Cette perspective est maintenant confirmée par la résurgence de la lutte des classes sur le plan international, surtout au centre du capitalisme mondial, les États-Unis.

Conscientes de leur profonde faiblesse face à un tel mouvement et conscientes de ses implications révolutionnaires, les classes dirigeantes de tous les pays ont développé des formes de pouvoir de plus en plus autoritaires.

Leur plus grande crainte est le développement de la conscience politique, c’est-à-dire la compréhension dans des sections plus larges de la classe ouvrière et surtout des jeunes de sa situation réelle, du fait que son ennemi est le système capitaliste tout entier.
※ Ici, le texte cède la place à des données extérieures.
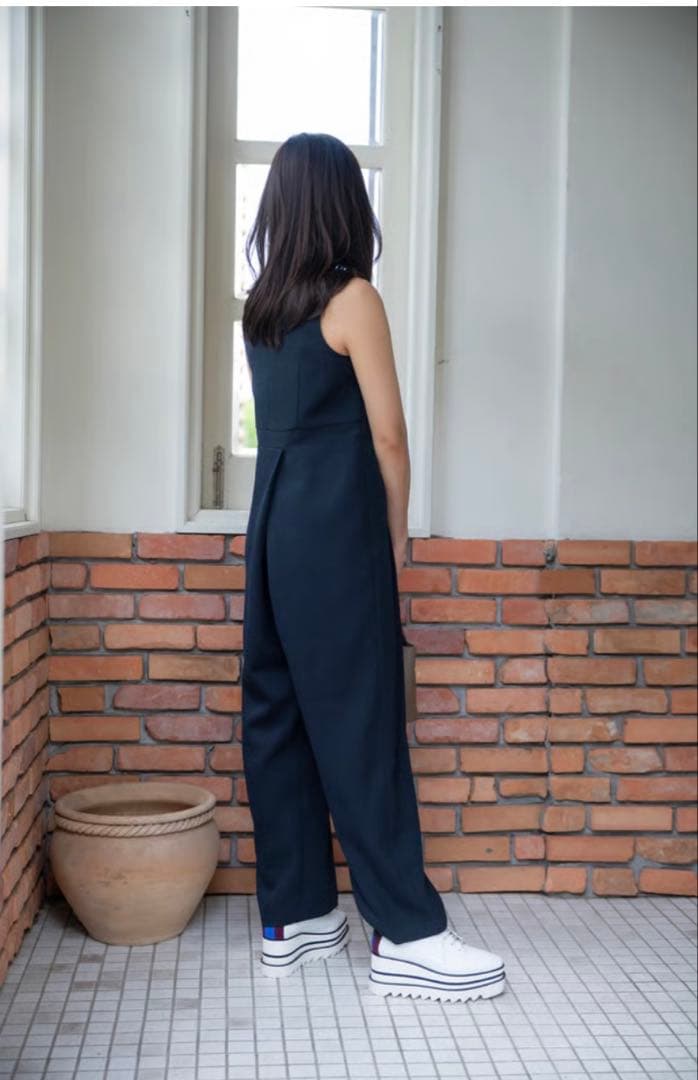 [試着のみ]sugaryuu ★クラシックツイードジャンプスーツ★ネイビー★S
Surtout, les élites dirigeantes craignent le développement d’un mouvement socialiste révolutionnaire, fondé sur les principes et le programme de la Quatrième Internationale. C’est pourquoi le World Socialist Web Site est la cible centrale de la censure sur Internet. C’est aussi la raison de l’escalade des attaques du gouvernement de coalition allemand sur le Sozialistische Gleichheitspartei, la section allemande du Comité international de la Quatrième Internationale (CIQI).

Mais les efforts pour faire taire le Comité international échoueront. Le renouvellement de la lutte de classe fournira de nouvelles forces pour le développement du fonctionnement du CIQI à travers le monde.

L’effondrement de 2008 a surtout montré que la classe ouvrière est face à une crise mondiale. La crise ne peut donc être résolue qu’à l’échelle mondiale par l’unification de la classe ouvrière par-delà les frontières nationales et les barrières sur la base d’un programme socialiste international pour la reconstruction de la société afin de satisfaire les besoins humains et non les bénéfices.